[[ EXTRACTED DATA, beginning ]]

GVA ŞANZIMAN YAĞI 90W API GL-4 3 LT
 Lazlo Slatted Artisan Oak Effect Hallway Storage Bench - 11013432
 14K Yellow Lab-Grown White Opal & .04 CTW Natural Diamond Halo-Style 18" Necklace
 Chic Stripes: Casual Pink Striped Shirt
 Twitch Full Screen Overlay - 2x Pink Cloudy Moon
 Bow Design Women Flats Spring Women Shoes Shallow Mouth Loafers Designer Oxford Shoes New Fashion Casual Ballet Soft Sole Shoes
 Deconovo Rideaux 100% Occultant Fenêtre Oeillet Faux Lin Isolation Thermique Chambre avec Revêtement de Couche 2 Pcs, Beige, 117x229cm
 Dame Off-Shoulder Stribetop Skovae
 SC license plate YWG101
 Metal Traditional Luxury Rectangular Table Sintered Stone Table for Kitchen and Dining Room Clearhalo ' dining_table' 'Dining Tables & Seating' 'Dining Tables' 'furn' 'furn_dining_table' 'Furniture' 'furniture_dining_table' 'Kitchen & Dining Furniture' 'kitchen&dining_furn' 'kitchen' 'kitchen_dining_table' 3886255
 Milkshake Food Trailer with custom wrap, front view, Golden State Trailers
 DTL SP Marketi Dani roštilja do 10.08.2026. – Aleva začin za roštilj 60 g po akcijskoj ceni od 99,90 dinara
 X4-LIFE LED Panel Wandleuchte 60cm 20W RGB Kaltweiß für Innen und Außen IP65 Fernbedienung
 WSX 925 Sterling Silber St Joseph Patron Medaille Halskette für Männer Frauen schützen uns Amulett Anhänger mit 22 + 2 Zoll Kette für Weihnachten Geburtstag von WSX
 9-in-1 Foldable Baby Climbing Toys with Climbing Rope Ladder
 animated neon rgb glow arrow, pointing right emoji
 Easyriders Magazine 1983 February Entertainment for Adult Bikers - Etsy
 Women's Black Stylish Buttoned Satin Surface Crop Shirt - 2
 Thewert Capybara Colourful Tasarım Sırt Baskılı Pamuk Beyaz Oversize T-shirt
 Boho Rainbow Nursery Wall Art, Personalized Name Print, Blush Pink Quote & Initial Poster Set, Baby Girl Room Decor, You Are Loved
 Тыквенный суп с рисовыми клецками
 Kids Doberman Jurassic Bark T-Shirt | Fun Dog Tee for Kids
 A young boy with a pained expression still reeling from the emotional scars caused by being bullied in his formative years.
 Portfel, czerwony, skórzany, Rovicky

[[ EXTRACTED DATA, end ]]

**TASK PROMPT**
Write only the number of lines in the entries that contain the word "Pink".

**TASK RESPONSE**
3